Maintained Regression and Benchmark Harnesses
| Script | Purpose |
|---|---|
tests/final_transcription_gap_regression.py | Streams a WAV file while AudioToTextRecorder.text() runs in parallel to reproduce slow final-transcription gaps. Can generate expected JSON and compare CPU output. |
tests/realtime_transcription_count_comparison.py | Compares timer-based realtime transcription with syllable-boundary scheduling on deterministic WAV input.
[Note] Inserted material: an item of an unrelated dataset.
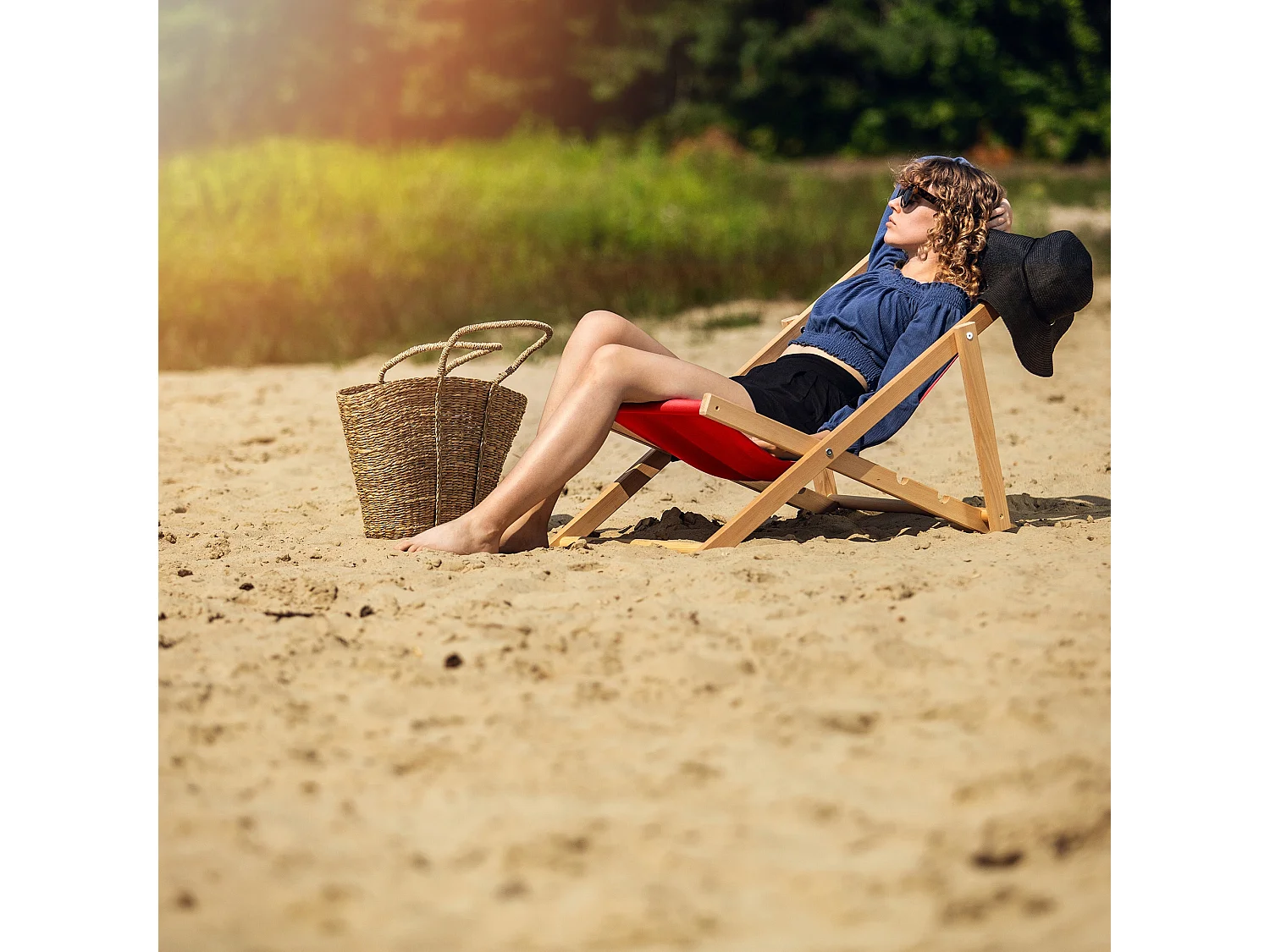 KADAX Chaise longue, chaise de plage en bois, transat jusqu'à 120 kg, chaise longue en bois de hêtre, chaises pliantes en bois, chaise de plage, chaise pliante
Reports realtime model-call counts and validates final text. |
tests/realtime_boundary_detector_live_test.py | Lightweight live check for the realtime boundary detector. |
tests/realtime_boundary_detector_microphone.py | Microphone visualizer for syllable/speech boundary detection. Useful when tuning boundary sensitivity. |
Core Demo Scripts
| Script | Purpose |
|---|---|
tests/simple_test.py | Smallest microphone transcription smoke script. |
tests/realtimestt_test.py | Rich console demo with realtime transcription, final text, and optional keyboard typing. |
tests/realtimestt_test_whispercpp.py | whisper.cpp interactive demo with CPU profiles. |
tests/realtimestt_omnilingual_test.py | Linux/WSL2 Omnilingual ASR script with deterministic file smoke, init-only check, and interactive microphone mode. |
tests/feed_audio.py | Opens a PyAudio stream manually and feeds chunks through feed_audio() with use_microphone=False. |
tests/openwakeword_test.py | OpenWakeWord demo using local sample wake word models. |
tests/realtime_loop_test.py | Exercises realtime transcription in a loop. |
tests/realtimestt_chinese.py | Demonstrates Chinese transcription settings. |
tests/vad_test.py | Manual VAD behavior check. |
Application Experiments
| Script | Purpose |
|---|---|
tests/advanced_talk.py | Combines RealtimeSTT with RealtimeTTS and LLM calls. Requires API keys and TTS dependencies. |
tests/minimalistic_talkbot.py | Small talkbot example using speech input and generated responses. |
tests/openai_voice_interface.py | Voice interface experiment using OpenAI-compatible client setup. |
tests/translator.py | Speech translation workflow experiment. |
tests/type_into_textbox.py | Types recognized text into the focused text box. |
tests/recorder_client.py | Uses the packaged recorder client/server path. |
Scripts that use
pyautogui, keyboard, or hotkey support can type into the active application. Scripts using real engines may download large models or require CUDA. Microphone scripts require OS audio permissions.Adding Tests
For new transcription engines, follow this convention: add fast contract tests first, then add opt-in golden tests only after the contract tests are stable. Fast contract tests should cover:- Factory selection and lazy import behavior
- Missing optional dependency error messages
- Parameter mapping from
TranscriptionEngineConfigto the backend binding - Audio validation and normalization behavior
- Conversion from backend segments into
TranscriptionResult
Windows Notes
Some recorder tests use multiprocessing pipes. On Windows, those tests may need to run from a normal terminal rather than a restricted sandbox. If a golden test fails with aPermissionError while creating multiprocessing queues or pipes, rerun it in a normal terminal with the same environment variables set.
The Parakeet/NeMo and Qwen vLLM paths are Linux-oriented. For real-model validation on a Windows workstation, use WSL2 with a CUDA-enabled Linux environment, mount or clone the repository inside the WSL filesystem, and run the same python -m unittest commands from there.